For breakfast, dinner, supper, or a concert the bell rings.

 

 

 


In the cafeteria.

 

“When the earthquake of 1988 happened, I went to Kirovakan and brought four children from there,” tells Shoghik Mikayelyan, who founded the non-governmental nursing home “Narek” with her husband Fridon, in 1999. “The parents of those children were divorced, the mother had gone abroad to work, the children were left alone. They had lit a fire near the house and were dancing. When I learned the four were from one family, I thought to take them, to keep them temporarily, until their parents come. They agreed. I took them to Abovyan, took the little one to kindergarten, placed the others into school, they began to study. Of course, they were not doing well, one could say that they hadn’t had consistent upbringing.”

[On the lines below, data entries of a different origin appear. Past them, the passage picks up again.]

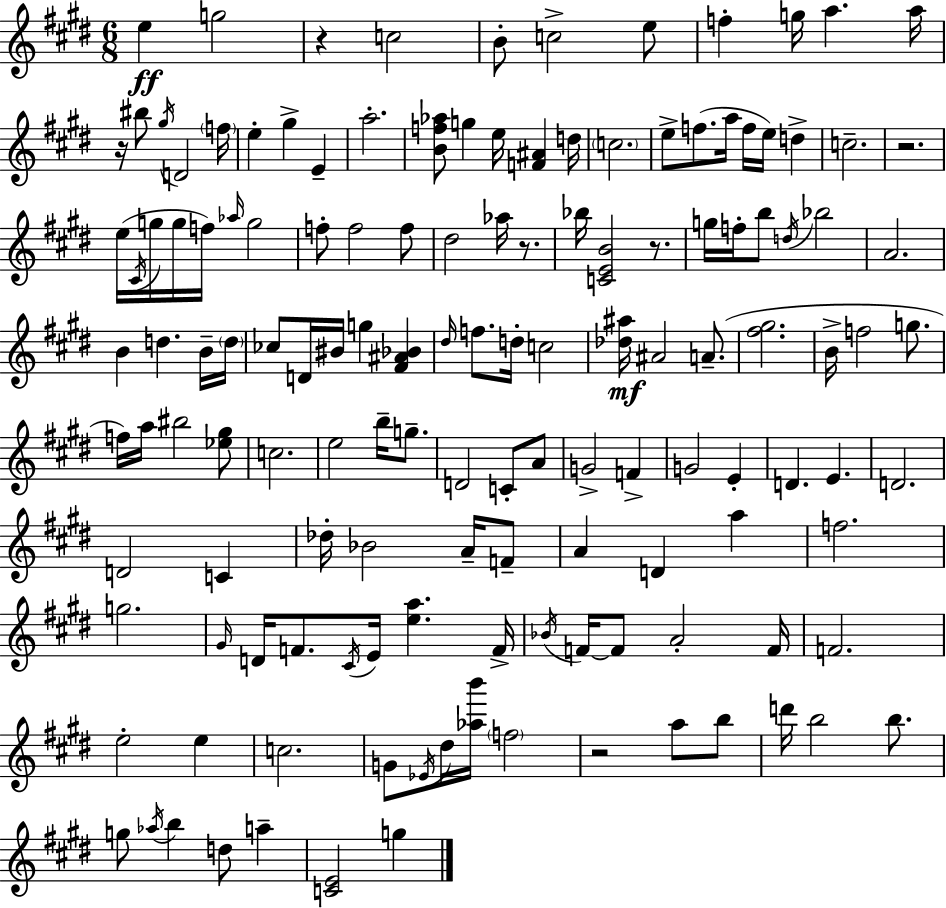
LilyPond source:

{
  \clef treble
  \numericTimeSignature
  \time 6/8
  \key e \major
  \repeat volta 2 { e''4\ff g''2 | r4 c''2 | b'8-. c''2-> e''8 | f''4-. g''16 a''4. a''16 | \break r16 bis''8 \acciaccatura { gis''16 } d'2 | \parenthesize f''16 e''4-. gis''4-> e'4-- | a''2.-. | <b' f'' aes''>8 g''4 e''16 <f' ais'>4 | \break d''16 \parenthesize c''2. | e''8-> f''8.( a''16 f''16 e''16) d''4-> | c''2.-- | r2. | \break e''16( \acciaccatura { cis'16 } g''16 g''16 f''16) \grace { aes''16 } g''2 | f''8-. f''2 | f''8 dis''2 aes''16 | r8. bes''16 <c' e' b'>2 | \break r8. g''16 f''16-. b''8 \acciaccatura { d''16 } bes''2 | a'2. | b'4 d''4. | b'16-- \parenthesize d''16 ces''8 d'16 bis'16 g''4 | \break <fis' ais' bes'>4 \grace { dis''16 } f''8. d''16-. c''2 | <des'' ais''>16\mf ais'2 | a'8.--( <fis'' gis''>2. | b'16-> f''2 | \break g''8. f''16) a''16 bis''2 | <ees'' gis''>8 c''2. | e''2 | b''16-- g''8.-- d'2 | \break c'8-. a'8 g'2-> | f'4-> g'2 | e'4-. d'4. e'4. | d'2. | \break d'2 | c'4 des''16-. bes'2 | a'16-- f'8-- a'4 d'4 | a''4 f''2. | \break g''2. | \grace { gis'16 } d'16 f'8. \acciaccatura { cis'16 } e'16 | <e'' a''>4. f'16-> \acciaccatura { bes'16 } f'16~~ f'8 a'2-. | f'16 f'2. | \break e''2-. | e''4 c''2. | g'8 \acciaccatura { ees'16 } dis''16 | <aes'' b'''>16 \parenthesize f''2 r2 | \break a''8 b''8 d'''16 b''2 | b''8. g''8 \acciaccatura { aes''16 } | b''4 d''8 a''4-- <c' e'>2 | g''4 } \bar "|."
}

We brought a family from Leninakan, kept with us, two years later the government settled them. After that my girls found an aged woman in the bazaar, they took her to hospital. They were asking at the hospital who was with her, they called me, asking, mam, come and help us. I went to the head of the hospital, I said I was ready to help. Treat the woman! Ten days later, she was released from the hospital, we took her to her house. It was her second husband’s house, she had children. The children were fighting to take her out to sell the house. We would go three times a day to take care of the woman. I used to run to the communal house, to the rented apartments, to helpless people, to help them, nurse. We saw that there were more and more people, we thought to open a nursing home. We kept them in rented apartments for five years, paying $100. Later the government gave this building to us.”

 

 

 

 

The cofounder Shoghik Mikayelyan in her room of “Narek” nursing home.

 

 

 

 

 

 

 

The cofounder of “Narek” nursing home Fridon Mikayelyan is working on his book.

 

 

 

 


The residents of “Narek” nursing home dancing. Different artists often play and sing for them.

 

Pambukh Muradyan’s portrait. There are photos of her adopted son and her nephew hanging on the wall.
“He was a one-day-old child, his parents didn’t want to keep him, I kept, I brought him up. I have worked for 47 years at Leninakan’s textile factory, my nephew took away my house, they threw me out, and I was brought to this nursing home, it’s already two years I am here,” tells Pambukh․

 

 

 

Gayane Hovsepyan’s portrait. After the death of her mother she lived with her sister and brother in Russia, then was deported to Armenia.
In September it will be two years that she lives in “Narek”.
“The police took me from my brother’s house. I was helping to cultivate the soil, to seed potato, to clean the house, to clean the garden. I have never sat without work, I have always worked,” remembers Gayane.

 

 


56-year-old Danielyan Elmira’s portrait in her room.

 

The nursing house has its own farm – a cow with its calf, hens with chickens, dogs, tortoises living in glass containers fill the everyday life of the people. Some help to cultivate the garden, to gather the harvest. 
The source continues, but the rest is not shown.